Ange acquiesça sans rien dire, un peu troublé à la vue de la miniaturisation croissante de tout ce qui lui appartenait. Il voyait le contenu de sa vie fondre aussi drastiquement qu’il avait vu son appartement de nord-Brooklyn partir en cendre, et il se demandait quand viendrait le tour de son propre corps. A force de lui arracher tous les objets qu’il possédait, on finirait par lui avoir le revêtement naturel.

Une petite alarme qu’Ange n’avait pas aperçu dans la pièce sonna.
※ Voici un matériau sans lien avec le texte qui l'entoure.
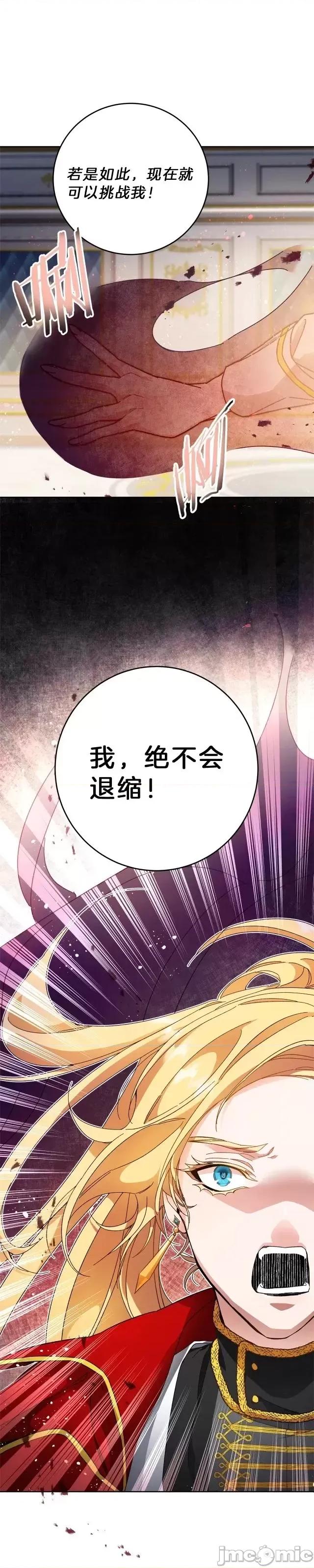 成为小说中的恶役女王 成为小说中的恶役女王第07话.zip 第41页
Andrew se leva et sortit.

« – Gotta customa' » gronda-t-il avec sa voix de vieux roots cassée.

Ange continuait de fouiller dans les fichiers téléchargés du FBI. Il se disait en plaisantant qu’au moins si sa vie se rétrécissait sur lui et autour de lui, elle avait pris une place considérable dans les fichiers de la police et des commandements interalliés. Il existait dans certaines traces de l’intelligence cachée. Il était comme une espèce rare répertoriée sur wikipedia, qui aurait un énorme descriptif, beaucoup de pédigrée, mais qu’on ne verrait jamais. Un peu comme un monstre aussi, probablement, à cause de la rareté.
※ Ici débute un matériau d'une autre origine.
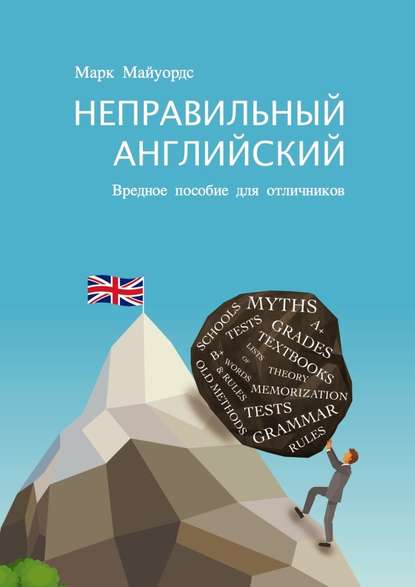 28135532.cover_415.jpg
Ange cliquait sur des vieilles photos. Il les faisait défiler les unes après les autres. Il était dans le fichier « New York 2022 ». Il revoyait la photo d’anciens copains à lui. Et ca lui faisait presque plaisir. Au bout d’une soixantaine, l’une d’entre elles l’arrêta. On y voyait des vieux potes de Columbia, dont Louis et des collègues. Ange réfléchit. Cette photo avait été prise lors d’une réunion internationale avec la Nuit Debout de Tel Aviv, soutenue ici par beaucoup de juifs progressistes. A l’époque, le mouvement avait essaimé même en Israël et la jonction avec l’armée de libération palestinienne s’était faite. Ange se dit que c’était amusant comme coïncidence, parce qu’Andrew lui-même avait fait partie d’un collectif ayant participé à cette réunion internationale.

« – Bon sang ! Merde !  » Il y avait un lien entre Louis et Andrew, et un lien entre Ange et Andrew. C’était maigre mais il y avait un lien. Louis avait pu alerter sur la possible rencontre des deux hommes.

Ange bondit de son siège en regardant la petite alarme.